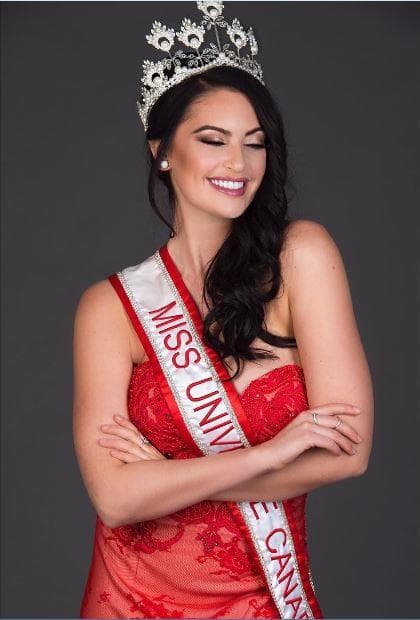 Siera Bearchell Contestant from Canada for Miss Universe 2016 (Photo Credits: Instagram/Facebook Official)
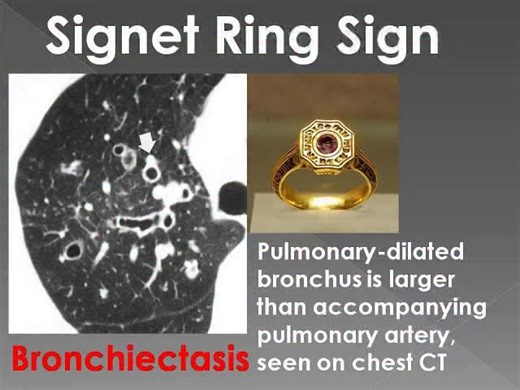 RK Medicos HUB on Instagram: "radiology, the signet ring sign is a classic imaging feature where a structure resembles a ring with a "jewel" attached. While most commonly associated with lung disease, it appears in several medical contexts. 1. Bronchiectasis (Most Common) On a High-Resolution Computed Tomography (HRCT) scan of the chest, this sign is the hallmark of bronchiectasis. The "Ring": A dilated bronchus (airway) seen in cross-section. The "Jewel": The adjacent pulmonary artery branch, w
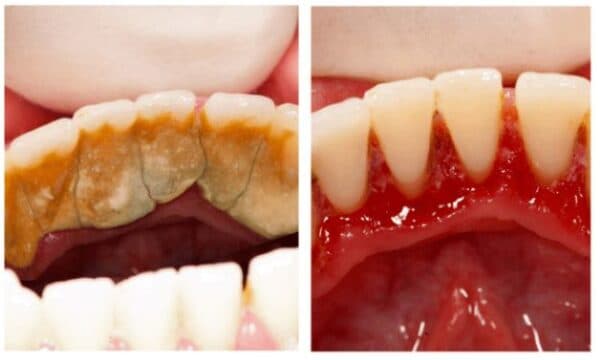 Phân loại 3 cấp độ của cao răng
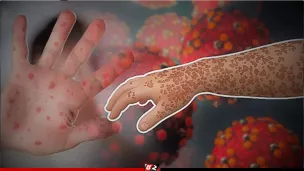 হামের উপসর্গ নিয়ে আরও ২ শিশুর মৃত্যু 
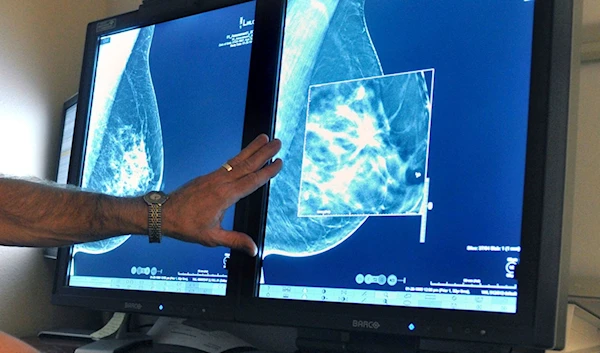 A 2022 picture representing how the NHS had started cancer treatment for about 7,000 more people every month compared to 10 years ago. (AP)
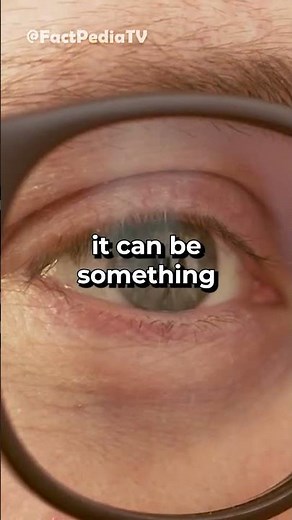 👁️‍🗨️ The Surprising World of Hallucinations in Blindness! 😱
● ● ● ● ●
(Task to carry out): Every line from the start of the listing above through the line with "হামের উপসর্গ নিয়ে আরও ২ শিশুর মৃত্যু" should be repeated exactly; skip the pictures and add nothing else.

(Answer area):
 Siera Bearchell Contestant from Canada for Miss Universe 2016 (Photo Credits: Instagram/Facebook Official)
 RK Medicos HUB on Instagram: "radiology, the signet ring sign is a classic imaging feature where a structure resembles a ring with a "jewel" attached. While most commonly associated with lung disease, it appears in several medical contexts. 1. Bronchiectasis (Most Common) On a High-Resolution Computed Tomography (HRCT) scan of the chest, this sign is the hallmark of bronchiectasis. The "Ring": A dilated bronchus (airway) seen in cross-section. The "Jewel": The adjacent pulmonary artery branch, w
 Phân loại 3 cấp độ của cao răng
 হামের উপসর্গ নিয়ে আরও ২ শিশুর মৃত্যু 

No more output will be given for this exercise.